Ярцев обратился к Алексею:
— Ну, товарищ изобретатель, а тебе как? Нравится?
— Сильная вещь, — ответил Алексей, — хоть не здорово понимаю, а задевает… — Он положил руку на отобранные книги. — Я, Мирон Кондратьевич, вот эти возьму. Можно?
Снова зазвучал этюд. Потом Лиза поставила еще мазурку Шопена, вальс Чайковского… После уговаривала гостей остаться пить чай, но они отказались. Лиза заметила, что у Тани блестящие, взволнованные глаза…
Алексей вышел вместе с Таней.
Домой шли молча. Начался дождь. Он мягко шелестел в листве тополей и придорожной траве, как будто шепотом разговаривал с землей.
Придя домой, Таня еще долго стояла у отворенного окна, не зажигая огня. Темнота, наполненная шелестом дождя, скупо поблескивала мокрой листвой, дышала влагой, теплой, как материнские слезы…

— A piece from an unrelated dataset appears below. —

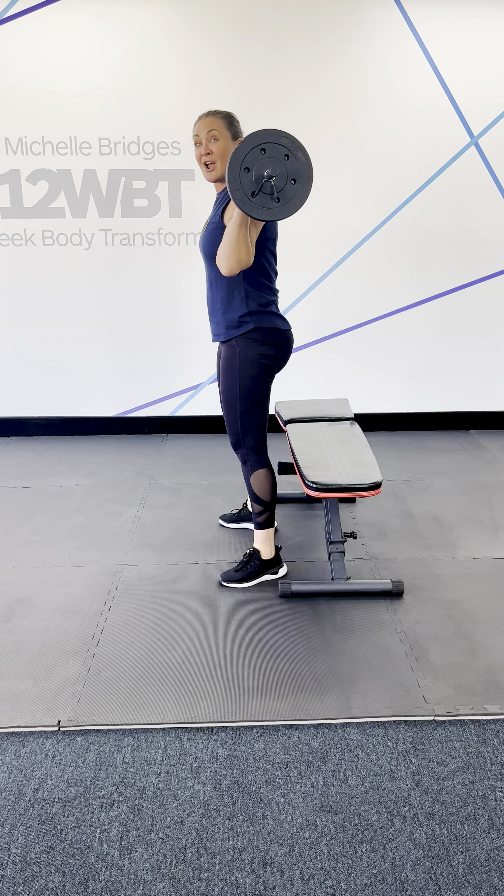The next one is deadlifts. Shoulders back and down, chest proud, abdominals pulled in, glutes switched on, slight bend at the knees — and notice that my head stays in alignment with my spine. I'm pushing my hips back.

Кто-то постучал в дверь. Таня не услышала. Мысли ее были далеко-далеко… Так и не зажигая света, она подошла к кровати, нагнулась и, нащупав в темноте чемодан, вытащила его, открыла, ощупью отыскала в уголке что-то завернутое в бумагу. Развернула и присела на кровать, с силой сжимая в руке старенькую серебряную табакерку с неразличимым в темноте портретом Суворова на ее обтертой, помятой крышке…
ГЛАВА ЧЕТВЕРТАЯ
Таня сидела не шевелясь и сжимала в руке табакерку. А дождь все шел, шел…
Мечта! Сколько людей уходило за тобой по нелегким дорогам жизни. Увела ты и маленькую девочку по имени Таня. Ей было чуть побольше пяти лет, а ты зажглась робким огоньком, похожим на огонек елочной свечечки, и повела, повела…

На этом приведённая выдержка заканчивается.